Which type of water to use

TorturedSoul, know where you are coming from, my formative years were in construction. I am fortunate and cursed that I have an old house, built in the 40's. All the plumbing is easy to get to but insulation is lacking.
 
We use RO and get it for like a quarter for a huge container... I think it's like 5 gallon size. We have crappy water here. I won't drink it, so the girls aren't gonna be subjected to it either.

That's an excellent solution for a personal grow.

I've heard though, that they rarely check or replace the filters on those quarter machines though, so if you have a CE or PPM meter, it might be interesting to check.
 
rain water is the way to go if you have a steady supply. I just take off the horizontal part at the base and set a five gallon bucket or a rubbermaid under. then i fill my milk jugs.
 
I've lived in a house with wonderful well-water but I also lived in one that had a well that became contaminated and made us sick. At one time I lived in another state and thought nothing of watering my garden with rainwater (that house actually had an old cistern that was fed by a set of gutters and although city-water had been connected to the indoor plumbing, had I at some point had my service interrupted for some reason I might well have just gotten my drinking-water from the hand-pump on the back porch instead of driving to the store for bottled). But where I live now the industrial & chemical plants put so much pollution into the air (and groundwater) that raindrops on a clean car will dry leaving a dirty spot - and the rain is so acidic that when you clean the dirt off you can see a tiny place where the clearcoat has been etched. I've read here in the forums of people actually having municipal water that reads 15-25 PPM on their TDS meters, while if you freeze a bottle of what we've got and allow it to melt you can shake it & hold it up to the light and it reminds you of those globes that people set out around Christmas that have the fake snow in them.

I guess I'm trying to say that everyone's water is going to be just a little bit different (if they don't have a reverse-osmosis or distillation device) no matter what their source - and that it's really important to find out all they can about it.

I'm sure my RO system's expensive membrane is going to need replacement way sooner than if it was just doing kitchen duty.

Suggestion: Get a regular cartridge-style whole-house water filter with one or better yet two filters in it like they sell at Lowes or Home Depot. It won't give you RO-quality water by any stretch of the imagination but it will remove a lot of crap from your incoming water, which can only help the life of your RO membrane since there will be less contaminate matter reaching the RO device. Such filters are cheaper than the RO device and shouldn't restrict flow too much because they aren't likely to have such small pore-size in them that they try to stop 100% of the contaminates. Not to mention that your hot water tank, water lines, faucet stems, coffee pot, et cetera will all thank you by lasting much longer and requiring much less decalcification.
 
A 'Still is Still De Still

What about boiling water then cooling it

If boiling at sea level (high altitudes, boiling point of H2O is less):
Kills organisms that will die in temperatures of 212F or below.
Removes contaminates that evaporate at less than 212F.

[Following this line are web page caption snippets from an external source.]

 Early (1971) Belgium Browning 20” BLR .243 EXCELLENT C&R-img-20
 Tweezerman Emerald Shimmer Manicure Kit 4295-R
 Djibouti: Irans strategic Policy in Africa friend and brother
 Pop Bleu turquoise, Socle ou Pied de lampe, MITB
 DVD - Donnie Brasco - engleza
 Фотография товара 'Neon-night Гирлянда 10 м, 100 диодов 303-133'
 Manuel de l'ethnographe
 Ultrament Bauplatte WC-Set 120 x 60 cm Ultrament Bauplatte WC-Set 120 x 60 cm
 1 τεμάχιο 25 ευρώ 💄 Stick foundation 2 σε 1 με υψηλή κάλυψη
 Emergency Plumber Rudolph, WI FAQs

Other than those possible benefits, nothing that I can imagine.

Distillation is not simply boiling water; it is boiling water in a semi-closed system, in which the boiling container is "capped" with a steam collection & condensation device. IOW, place a tight-fitting lid on a kettle, connect line to lid for the steam to go through, run line into a container of cold water with line having multiple coils in it for maximum contact with cold water, have end of line going into collection container. Place kettle over fire.

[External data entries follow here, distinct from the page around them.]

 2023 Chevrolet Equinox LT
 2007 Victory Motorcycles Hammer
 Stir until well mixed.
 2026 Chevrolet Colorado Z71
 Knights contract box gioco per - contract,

AKA "The 'still hidden in the woods behind grandpa's house." :grinjoint:

Traditionally used to distill fermented liquids into strong spirits by boiling off the alcohol content (which boils at 173F?) and condensing it. Pour into jugs, seal with a cork, and draw XXX on the outside ('cause not every hillbilly can read right and write right - right? lol) but could also be used to distill water in much the same fashion.

'shine looks like water, tastes like heaven, hits like... Well, saw the top of your skull open, scoop out about half of its contents, replace with a hand grenade, pull the pin and quickly replace the top of your skull. Take two and don't bother calling the doctor in the morning - the general cure was called "hair of the dog" and it could be found... in the next jug.
 
:welldone:

Likewise, my tap water is only 37ppm and all I do is use some de chlorinator from the pet shop (used in aquariums).

You can get a water report simply be googling your city+water system.

DD
I read somewhere that if you're using tap water, let it sit for 3 days and any chlorine will dissipate.